**Exercise objective:** In the entries that follow, find the line containing "Adjustable tablet stand" and the line containing "Custom Camo Green-Gold", then retype exactly the lines from the first through the second, pictures excluded.

**Source records:**
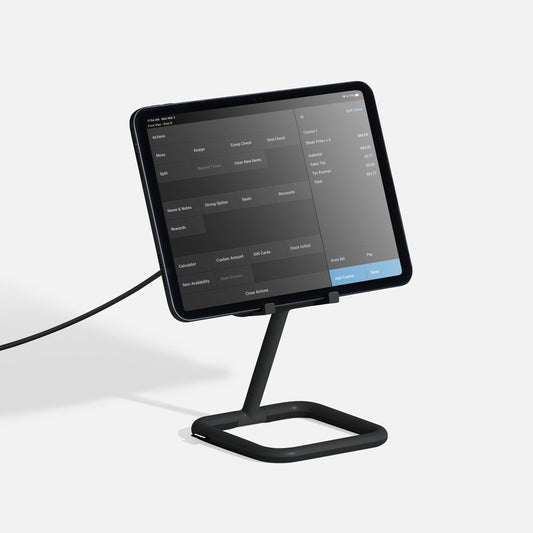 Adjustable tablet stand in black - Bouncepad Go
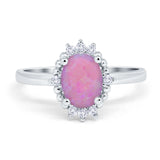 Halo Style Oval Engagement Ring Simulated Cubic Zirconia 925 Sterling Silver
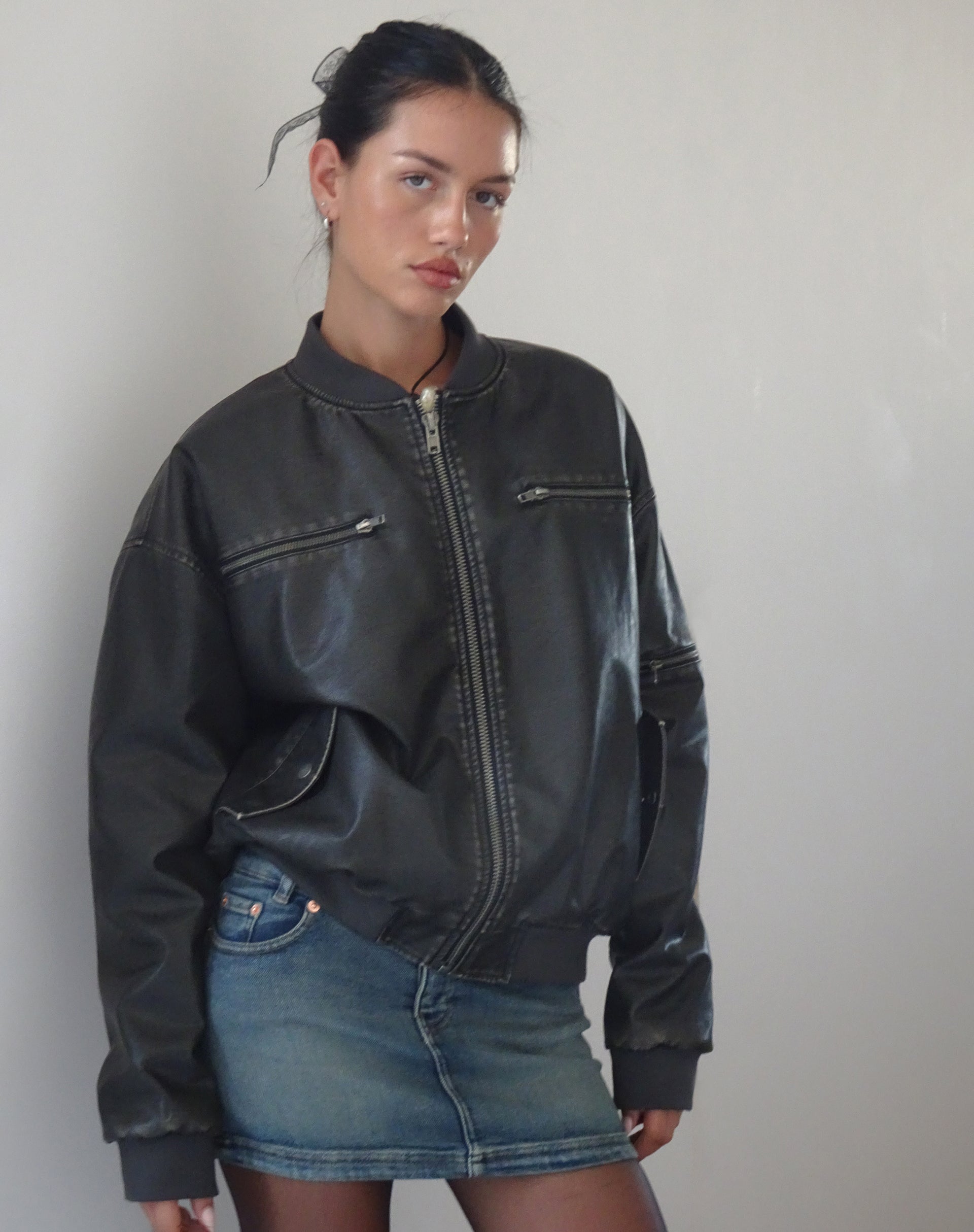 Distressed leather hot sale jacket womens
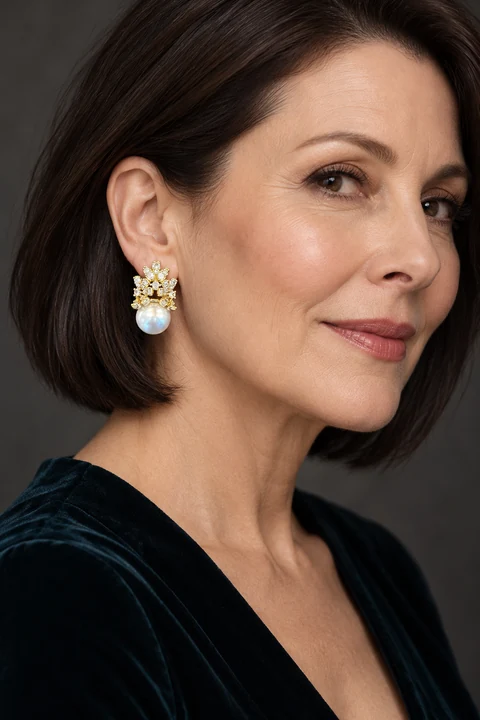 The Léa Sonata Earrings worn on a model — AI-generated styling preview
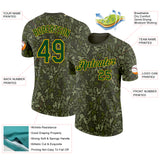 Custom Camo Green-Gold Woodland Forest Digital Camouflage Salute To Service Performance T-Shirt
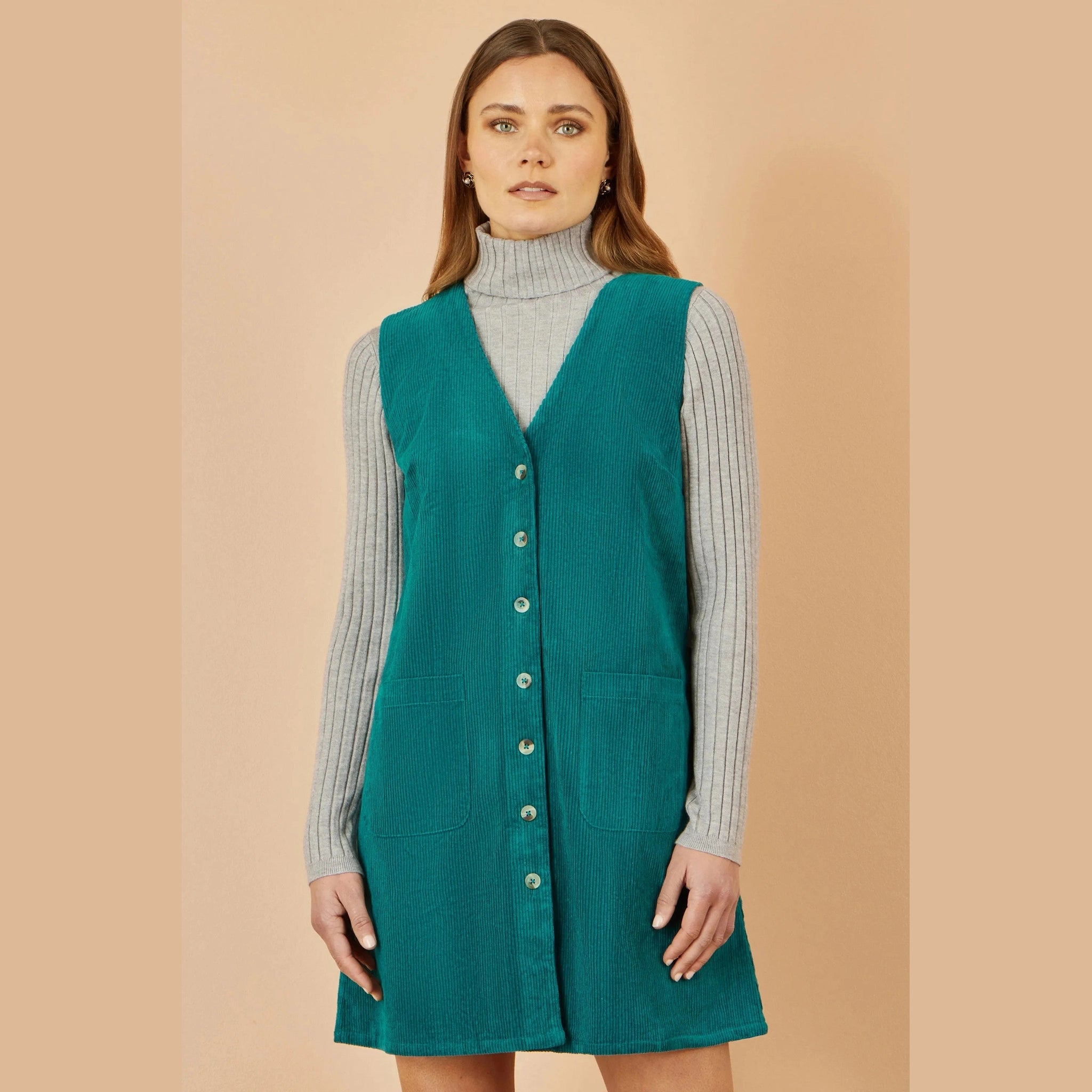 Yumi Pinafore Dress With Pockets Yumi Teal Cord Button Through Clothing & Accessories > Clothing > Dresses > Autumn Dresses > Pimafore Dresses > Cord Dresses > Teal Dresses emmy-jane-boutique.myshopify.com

---

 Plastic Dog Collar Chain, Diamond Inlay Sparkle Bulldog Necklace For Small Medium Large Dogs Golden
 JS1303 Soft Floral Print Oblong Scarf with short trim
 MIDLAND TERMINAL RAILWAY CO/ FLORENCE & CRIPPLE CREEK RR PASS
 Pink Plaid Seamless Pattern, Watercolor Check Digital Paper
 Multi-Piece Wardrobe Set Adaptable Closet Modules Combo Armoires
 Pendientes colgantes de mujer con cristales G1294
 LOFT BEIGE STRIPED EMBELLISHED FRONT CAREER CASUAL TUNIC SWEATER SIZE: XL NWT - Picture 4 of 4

**Answer to this exercise:**
 Adjustable tablet stand in black - Bouncepad Go
 Halo Style Oval Engagement Ring Simulated Cubic Zirconia 925 Sterling Silver
 Distressed leather hot sale jacket womens
 The Léa Sonata Earrings worn on a model — AI-generated styling preview
 Custom Camo Green-Gold Woodland Forest Digital Camouflage Salute To Service Performance T-Shirt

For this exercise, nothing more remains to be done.